Он повязал шею махровым полотенцем и, достав из кармана завернутый в бумагу бутерброд, стал есть его. Я не спрашивал у него ни имени, ни фамилии — какое это, в конце концов, имеет значение? Он один из жителей острова, чудом, да и то на неопределенное время, получивший работу. Очень многие ее не имеют вообще, месяцами обивают пороги биржи труда, не имея никакого пособия по безработице.

Серое одноэтажное здание биржи тоже расположено на главной улице. Почти неделю пробыл я на Тобаго и, заприметив в первый же день молодого бородатого парня в пестрой клетчатой кепке, который стоял в самом начале очереди, решился подойти к нему в день отъезда. Он неохотно отошел со мной в сторону и так же неохотно разговаривал.

Чувствовались в нем какая-то озлобленность и отчаяние — ответы были односложные, резкие. Его легко понять: в свои двадцать лет работал всего полтора года где и кем придется. За плечами школа, специальности никакой, родители тоже мыкаются по стране в поисках работы, а он вот остался здесь с женой и маленьким ребенком и уже почти полгода ходит на биржу.

Очень редко удается заработать несколько долларов на какой-нибудь случайной работе. Одно успокаивает его: теперь он один из первых в очереди, так что скоро должно повезти. Но вот когда и насколько, никто не знает. Во всяком случае, он на все согласен, ни от чего не откажется.

Невольно вспомнился старый негр — докер в порту. Уж как, должно быть, он рад своей работе, коль молодые и здоровые парни не могут ее получить! Только теперь я понял отчаянный смысл его последних слов, когда, аккуратно свернув бумагу из-под бутерброда, он сказал с невеселой улыбкой:

«Утром еще пригодится — на один сендвич с сыром сегодня заработал», — и похлопал рукой по карману вытертых парусиновых брюк.

На Тобаго порой трудно определить, какой год на дворе, какой даже век. Рядом с ультрасовременными отелями — деревянные домишки бедняков. На острове нет, по сути дела, ни одного предприятия — лишь две кустарные фабрики по обработке копры. В сельском хозяйстве, которое ведется примитивным способом, заняты выращиванием какао и овощей, но преобладает животноводство — мясо идет на стол туристам, беднякам оно не по карману.
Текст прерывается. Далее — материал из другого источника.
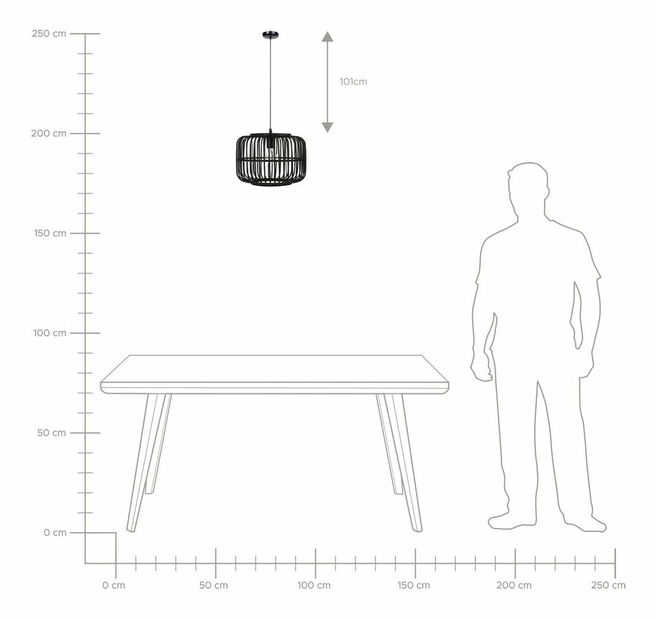 Závesné svietidlo Macza (čierna)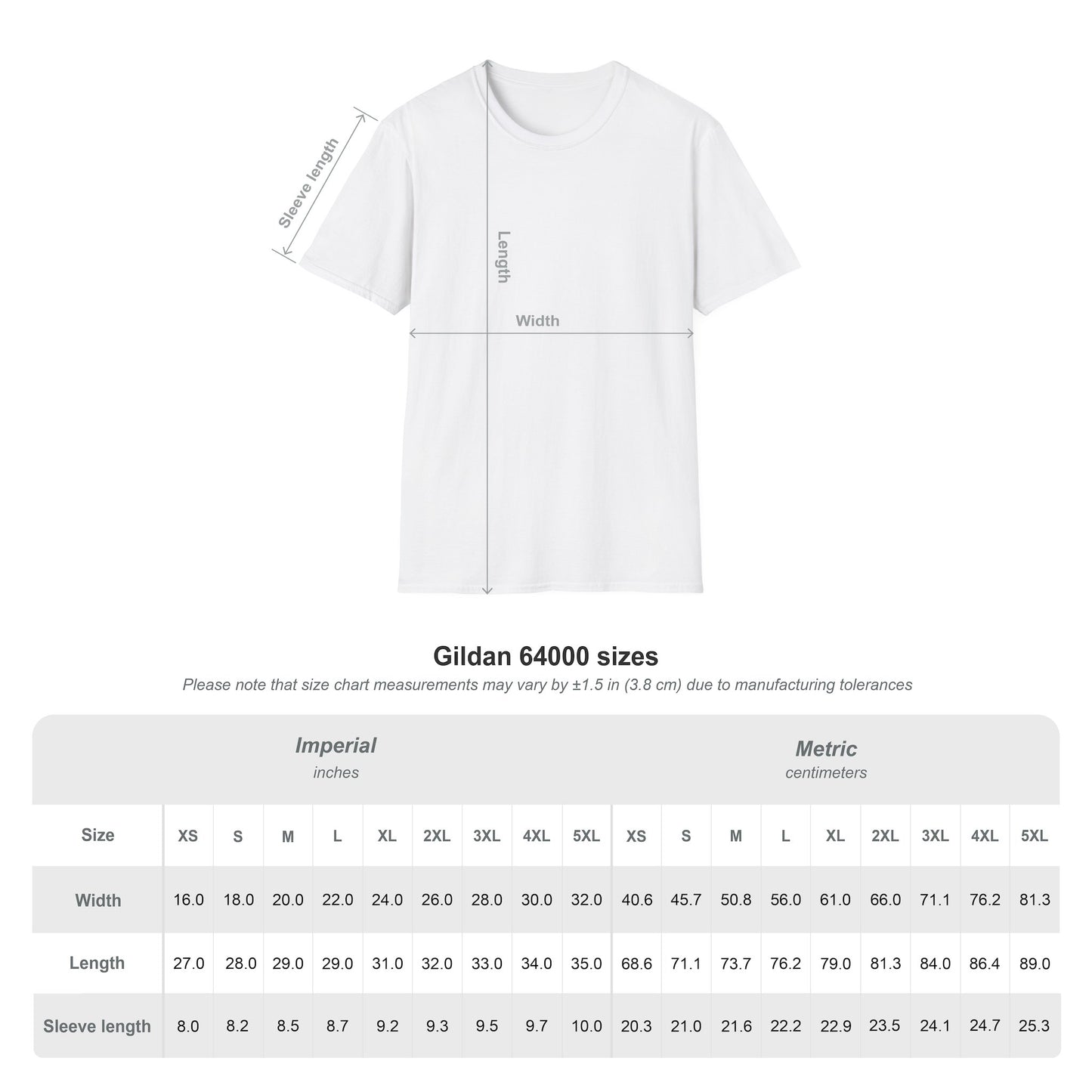 White 'One Life' t-shirt with size chart measurements on a white background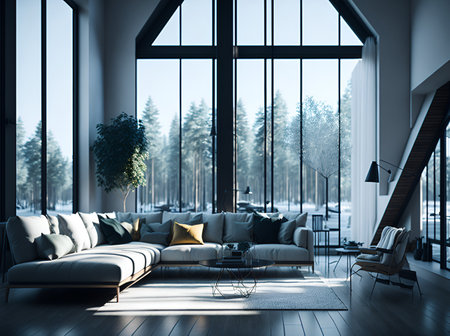 Modern white room design. AI generated illustrationの素材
Туризм — вот основной «профиль» острова. Даже жизнь маленького порта полностью зависит от туристского сезона и планов строительства новых отелей. Здесь едва ли не каждый житель с гордостью добровольно расскажет вам, как заправский гид, о старинных фортах и о том, что на острове встречаются 37 видов змей — от огромных боа и анаконды до маленькой коралловой змеи, 24 вида ящериц, включая редчайшую игуану, несколько видов черепах и так далее.

А уж о том, что Тобаго был приютом Робинзона, и говорить нечего: это знает любой местный мальчишка. Но, к сожалению, не из книги Даниеля Дефо, а по десяткам дешевых сувениров для туристов. На некоторых так прямо и написано: «Тобаго — Робинзон Крузо». Впрочем, это не совсем так.

Как известно, сам Робинзон — фигура, не вымышленная писателем. В конце XVII — начале XVIII века, когда воды Карибского моря облюбовали для своего промысла корсары, особой славой пользовался в этих краях человек по имени Уильям Дампьер.

Это была отнюдь не рядовая личность — капитан королевского флота, бросивший пристойную службу и занявшийся непристойным грабежом на морских дорогах. Правда, сам он смотрел на свои походы лишь как на возможность… заняться наукой в недоступных иным путем местах.

И это было сказано не ради красного словца. Смелый и жестокий пират, которого боялись его же дружки, он был в то же время удивительно настойчивым и пытливым натуралистом, готовым пожертвовать жизнью в поисках какой-либо букашки. До нас дошли некоторые его записки с собственноручными рисунками и даже изданные в Англии книги: «Трактат о ветрах — пассатах, бризах, штормах, временах года, приливах, отливах и течениях в теплой зоне всего мира», «Новое путешествие вокруг света», «Дневник Дампьера» и другие.

Ученый пират постоянно вел дневник, в котором содержится много интересного о флоре и фауне посещенных им стран и островов. Он, к примеру, одним из первых зарисовал с натуры ондатру, броненосца, муравьеда, описал повадки черных муравьев, фламинго, морского слона, льва-сивуча, исследовал ветры и течения у берегов Южной Америки. Он же, разграбив со своей ватагой несколько городов на побережье Гондураса и Никарагуа и спасаясь от преследования испанцев, проследовал вдоль берегов Южной Америки далеко на юг, где открыл острова Хуан-Фернандес.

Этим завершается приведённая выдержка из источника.